= Christopher Duffy =

British military historian (1936–2022)

Christopher Duffy (1936 – 16 November 2022) was a British military historian.

Duffy read history at Balliol College, Oxford, where he graduated in 1961 with the DPhil. Afterwards, he taught military history at the Royal Military Academy Sandhurst and the college of the British General Staff. He was secretary-general of the British Commission for Military History and vice-president of the Military History Society of Ireland. From 1996 to 2001, he was research professor at the De Montfort University, Leicester. He then worked as a freelance author.

Duffy's special interest was the military history of the European modern age, in particular the history of the German, Prussian, Russian and Austrian armed forces.

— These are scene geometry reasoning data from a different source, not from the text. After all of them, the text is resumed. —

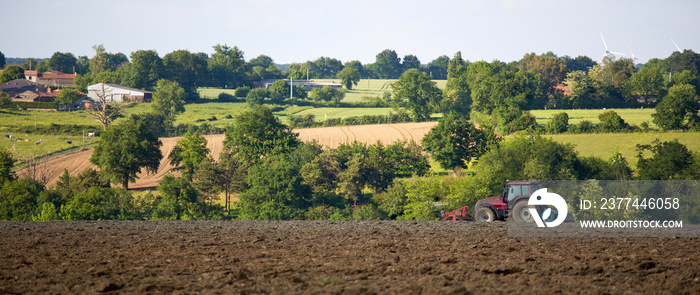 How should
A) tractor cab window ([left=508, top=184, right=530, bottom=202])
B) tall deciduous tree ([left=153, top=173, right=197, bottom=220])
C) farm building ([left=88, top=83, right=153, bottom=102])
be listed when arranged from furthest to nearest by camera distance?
1. farm building ([left=88, top=83, right=153, bottom=102])
2. tall deciduous tree ([left=153, top=173, right=197, bottom=220])
3. tractor cab window ([left=508, top=184, right=530, bottom=202])

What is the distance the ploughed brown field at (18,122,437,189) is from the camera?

He wrote two books on the Jacobite Rising in Scotland in 1745. He was most famous for his writings about Frederick the Great and the Seven Years' War. Duffy was fluent in six languages and published some twenty books about military history topics, several of which have been translated into German.

Duffy died on 16 November 2022, at the age of 86.

== Works ==
- The Wild Goose and the Eagle: A Life of Marshal von Browne, 1705-1757, Chatto & Windus, 1964.
- Borodino and the War of 1812, Sphere, 1972. Scribner, 1973. ISBN 0684131730
- The Army of Frederick the Great , David & Charles, 1974, ISBN 0858851385. (Superseded by an illustrated second edition in 1996, ISBN 188347602X.)
- Fire and Stone: The Science of Fortress Warfare, 1660-1860, David & Charles, 1975, ISBN 0715365576.
- The Army of Maria Theresa: The Armed Forces of Imperial Austria, 1740-1780, Vancouver 1977, ISBN 0715373870. (Superseded by the two volume The Austrian Army in the Seven Years War in 2000 (ISBN 1883476194) and 2008.)
- Austerlitz 1805, Shoe String Press, 1977.
- Siege Warfare: The Fortress in the Early Modern World, 1494-1660, Routledge, 1979. (vol. 1)
- Siege Warfare: The Fortress in the Age of Vauban and Frederick the Great, 1660-1789, Routledge, 1985. (vol. 2)
- Frederick the Great: A Military Life, London 1985.
- Russia's Military Way to the West: Origins and Nature of Russian Military Power, 1700-1800, Routledge, 1985. ISBN 0710007973
- The Military Experience in the Age of Reason, London 1987.
- Red Storm on the Reich: The Soviet March on Germany, 1945, London 1991.
- Army of Frederick the Great, 1974, ISBN 088254277X, Second Edition, Emperor's Press, 1996.
- Eagles over the Alps: Suvorov in Italy and Switzerland, 1799, Emperor's Press, 1999.
- Instrument of War: The Austrian Army in the Seven Years War, Emperor's Press, 2000.
- Prussia's Glory: Rossbach and Leuthen, Emperor's Press, 2003.
- Fire And Stone: The Science of Fortress Warfare 1660-1860, Booksales, 2006, ISBN 0785821090.
- Through German Eyes: The British and the Somme, 1916, London 2006. ISBN 9780753822029
- The '45: Bonnie Prince Charlie and the Untold Story of the Jacobite Rising, Phoenix Press, 2007. ISBN 0304355259
- By Force of Arms: The Austrian Army in the Seven Years War, Volume 2, Emperor's Press, 2008.
- The Best of Enemies: Germans against Jacobites, 1746, Bitter Books/Emperor's Press, 2013.
- Fight for a Throne: The Jacobite '45 Reconsidered, Helion and Company, 2015.